Economists Explain Why Rice Price Drop Sparks Mixed Reactions Among Nigerians and Traders
Economists and financial analysts have attributed the recent mixed reactions trailing the drop in rice prices across Nigeria to a conflict of interest between consumers and traders, PulseNets learnt.
According to findings obtained by PulseNets, the Chief Executive Officer of the Centre for the Promotion of Private Enterprise (CPPE), Muda Yusuf, and the Executive Officer of SD&D Capital Management, Idakolo Gbolade, explained that while Nigerians are thrilled about cheaper rice, traders are counting their losses.
This follows fresh market data indicating that the price of a 50kg bag of rice has fallen to between ₦55,000 and ₦75,000, a sharp decline from the ₦85,000 sold earlier in 2025.
The price reduction has been observed in key commercial hubs such as Mile 12 and Oyingbo markets in Lagos, while in Abuja, particularly at the Dutse and Kubwa markets, the same bag now sells for between ₦65,000 and ₦85,000, depending on the brand and source.

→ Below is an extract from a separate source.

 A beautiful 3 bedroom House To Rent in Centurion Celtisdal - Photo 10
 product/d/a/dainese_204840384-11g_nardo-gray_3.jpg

Further checks by PulseNets revealed that the prices of other food items, including yam, beans, onions, and tomatoes, have also dropped marginally across several Nigerian markets.
Recent data from the National Bureau of Statistics (NBS) confirmed this trend, showing that headline inflation eased to 18.02% and food inflation dropped to 16.87% in September 2025, compared to 20.12% and 21.87% in August, respectively.
While the decline has sparked excitement among consumers, traders have expressed concerns over dwindling profit margins and the risk of business collapse.
FG Should Balance the Interests of Nigerians and Traders — Yusuf
Reacting to the development, CPPE boss Muda Yusuf told PulseNets that the government must strike a fair balance between consumer affordability and business sustainability.
“It’s purely a conflict of interest. Nigerians want cheaper rice, while business owners seek profitability,” Yusuf said.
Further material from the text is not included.